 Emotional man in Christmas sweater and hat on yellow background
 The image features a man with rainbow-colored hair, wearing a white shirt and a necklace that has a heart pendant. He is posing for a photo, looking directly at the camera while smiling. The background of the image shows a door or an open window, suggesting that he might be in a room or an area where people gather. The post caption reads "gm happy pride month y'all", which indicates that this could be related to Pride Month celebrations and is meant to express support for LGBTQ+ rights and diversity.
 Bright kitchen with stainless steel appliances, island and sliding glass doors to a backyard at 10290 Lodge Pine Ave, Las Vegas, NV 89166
==
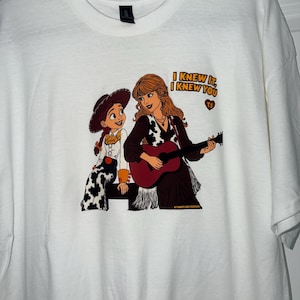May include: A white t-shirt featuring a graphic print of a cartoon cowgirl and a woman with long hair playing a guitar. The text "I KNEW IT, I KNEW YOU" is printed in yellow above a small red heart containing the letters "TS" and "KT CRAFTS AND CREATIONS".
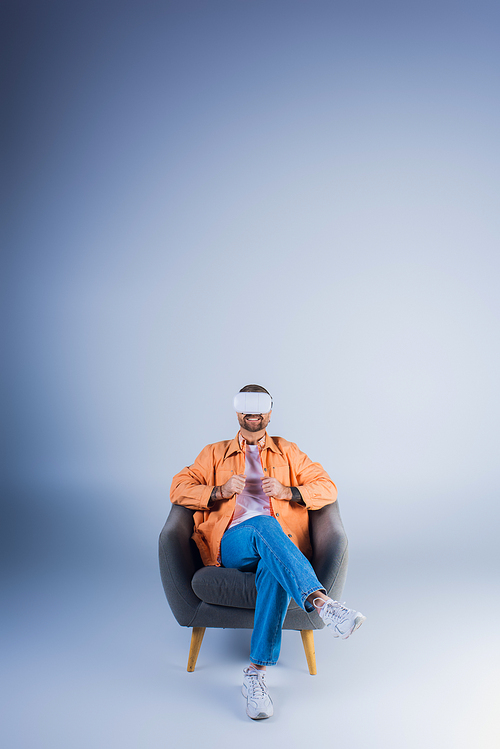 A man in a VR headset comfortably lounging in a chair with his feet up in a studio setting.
==
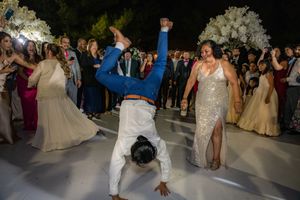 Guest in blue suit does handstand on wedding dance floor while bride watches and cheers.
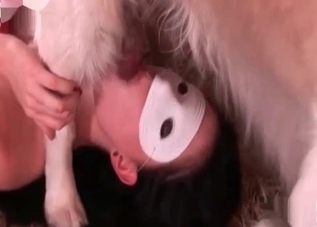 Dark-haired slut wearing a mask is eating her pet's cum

### GOAL OF THE EXERCISE
From the records above, quote word for word only the lines beginning at the line that has "May include: A" and stopping after the line that has "A man in a VR". Omit the pictures.

### FINISHED EXERCISE
May include: A white t-shirt featuring a graphic print of a cartoon cowgirl and a woman with long hair playing a guitar. The text "I KNEW IT, I KNEW YOU" is printed in yellow above a small red heart containing the letters "TS" and "KT CRAFTS AND CREATIONS".
 A man in a VR headset comfortably lounging in a chair with his feet up in a studio setting.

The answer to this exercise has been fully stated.